Additional benefits and challenges of implementing a DSP extra-curricular activity

        Faculty and staff benefit from the DSP extra-curricular activities because they are
able to provide their students with an experience that allows them apply the theory they
have learned to a meaningful application, as defined by the students. The TI Challenge
provided a framework for exposing students to a real world design experience, similar to that
found in a capstone design course, with the additional opportunity for award, recognition,
and publication.
        All of the members of the team were exposed to a real-life case study of the team
environment. They were forced to deal with each other's schedules and time resources.
There were often times when work had to be distributed based on individual skills and pick
up work from other members when they needed more direly to work on something else.
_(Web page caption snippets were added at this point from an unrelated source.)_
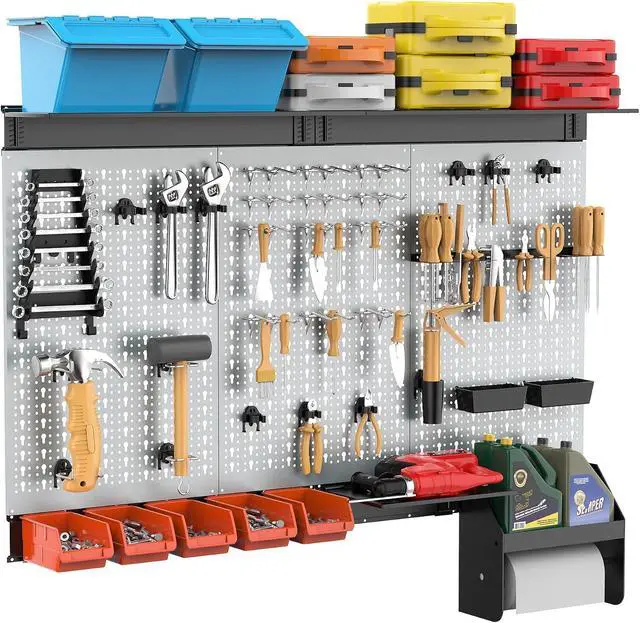 Alt view image 7 of 7 - TORACK Pegboard Wall Organizer Kit 48x24 in, Garage Metal Tool Pegboard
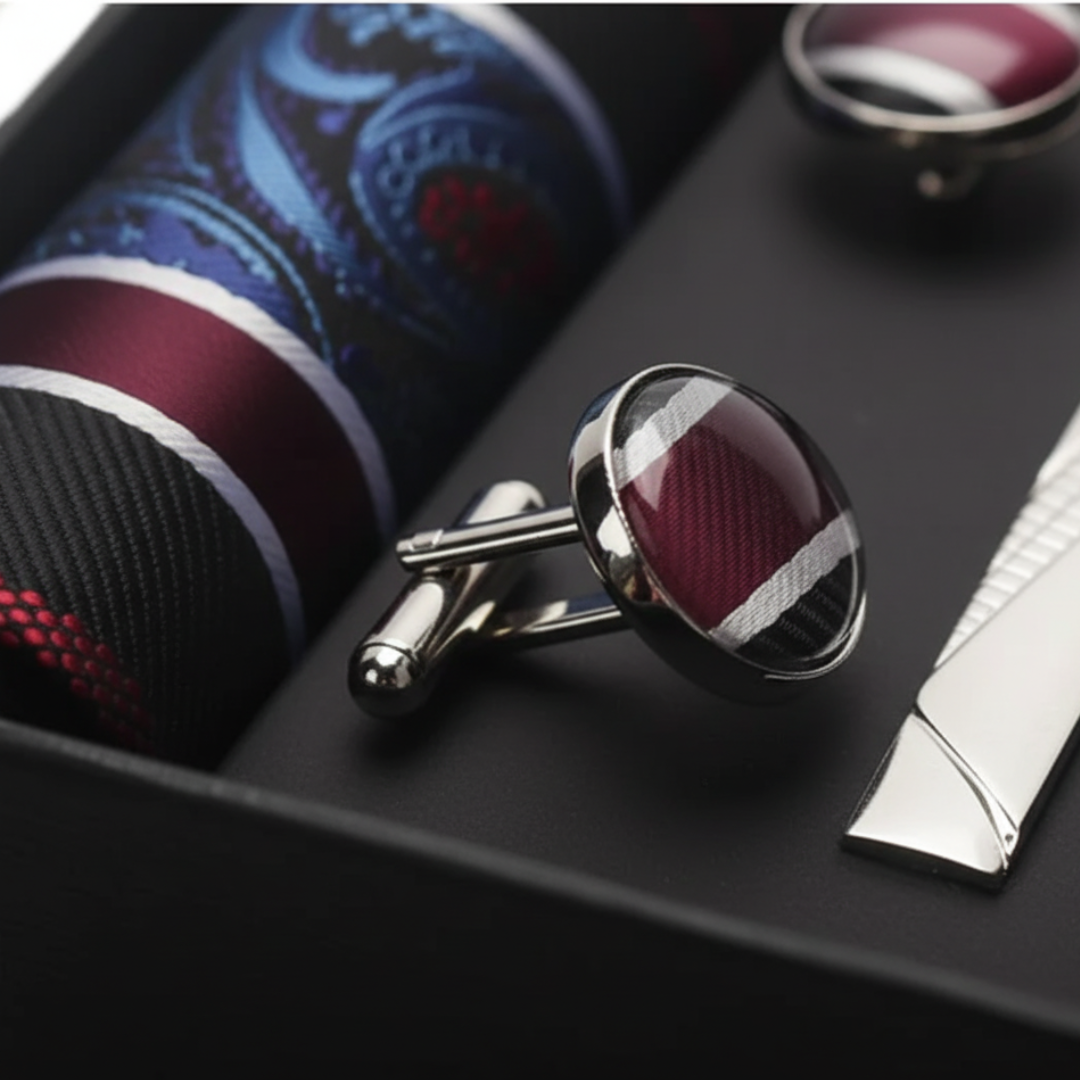 Men's Silk Paisley Red Blue Tie Set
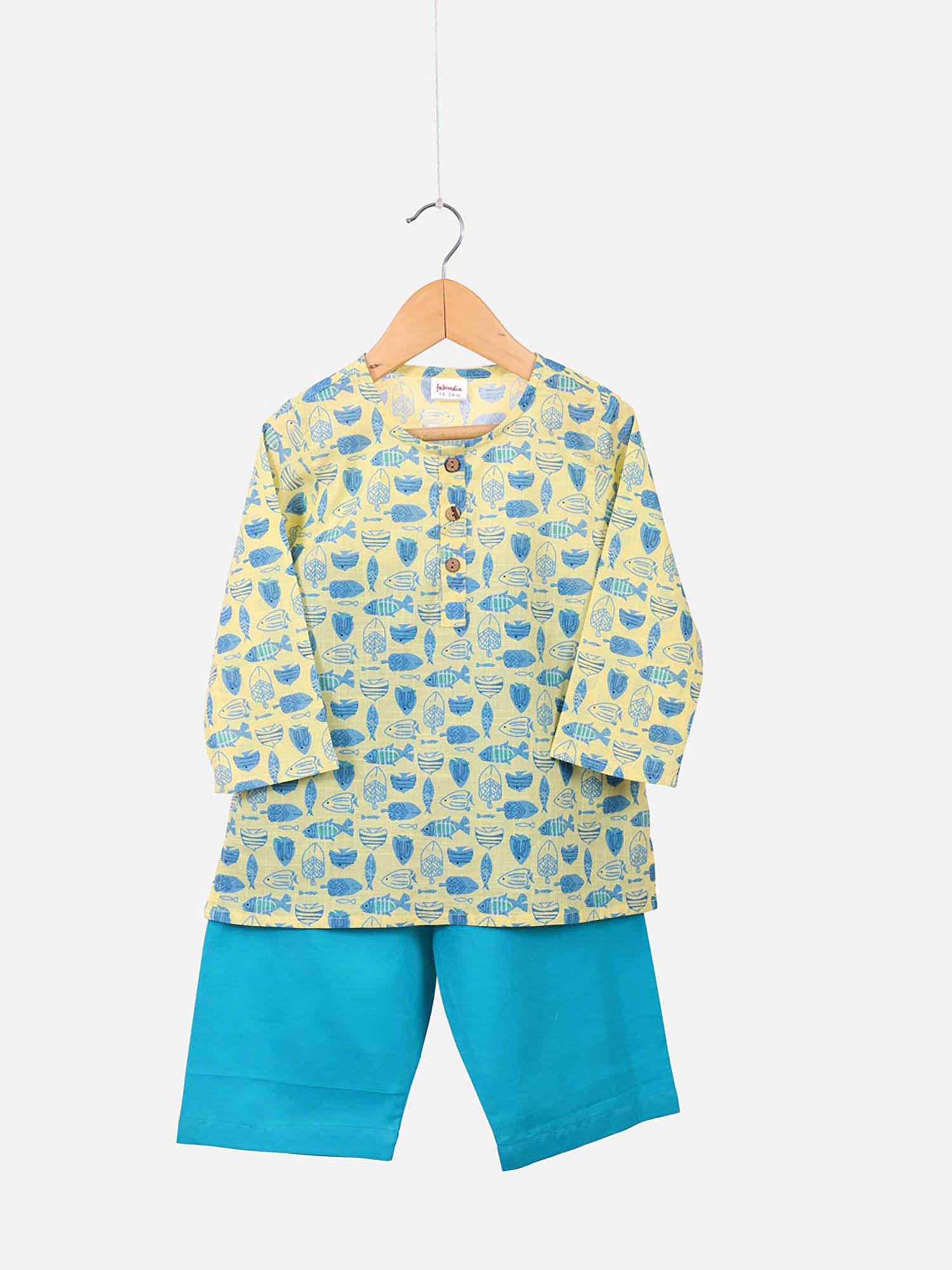 boys yellow printed pyjama set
        The time investment, although difficult, is almost certainly a positive experience. The
hours in the lab were less than desirable at the time, given that participation in the
competition was in addition to a full course schedule. One students remarks, however, that
"I cannot help but think that our learning was as acute during this period than it's ever been
in any of our courses."

        Even though only one team can win the grand prize, and the effort expended to
compete can be exhausting, the Rice team members admitted that they would all do it
again. The students learned a great deal about DSP in particular and engineering in
general. And I learned a tremendous amount about effective team management. I also
learned a lot about what I can expect from undergraduate and graduate students, in terms of
their abilities as engineers. This experience has definitely helped us in a number of other
research and prototyping efforts at Rice University.

Industry Benefits
       Industrial sponsors also benefit from offering such competitions. Benefits include an
experienced pool of applicants familiar with relevant technology, applicants which have
experienced the challenges of working in teams, the spark of new application ideas, and an
opportunity to foster new and strengthen old university relationships.

        Activities that lessen the time period between "raw, new college hire" to "fully
productive, experienced contributor" help improve company competitiveness. Other industry
benefits due to a better qualified applicant pool, are employees who understand the positive
impact of effective teaming, and employees who truly appreciate the importance of meeting
schedules, timelines, and group expectations.

        In addition to the individual student impact resulting from industry sponsorship of
extra-curricular design activities, there is also the opportunity to form new and stronger
relationships with the university partners. Industry invests hundreds of millions of dollars
annually in university research because of how important university research is to the
continued advancement of technology. There is also no doubt that university engineering
education is equally, if not more, important. Engineering education is not as "glamorous"
today as cutting edge engineering research, but without improvement in that area
universities will continue to graduate less engineers. Well run, focused, industry sponsored
extra-curricular design activities help promote relevant educational activities for the next
generation of engineers.

What you should do now

        In today's highly competitive marketplace it is critical that students graduate with the
skills necessary to successfully compete. Engineering programs who provide its students
with the opportunities to tie together DSP theory with practical, relevant implementation
examples are the programs which are providing superior value to its students and industry
partners, thereby enhancing the overall value of the program.

        Actively promote participation in future TI Challenge or similar programs that are
designed to promote the learning described in this paper. Challenge your colleagues,
department chairs, and deans to work through the challenges that semester or multi-
semester lab intensive projects can present. The end-result will help continue the drive for
continued innovation by engineers who are prepared for the task.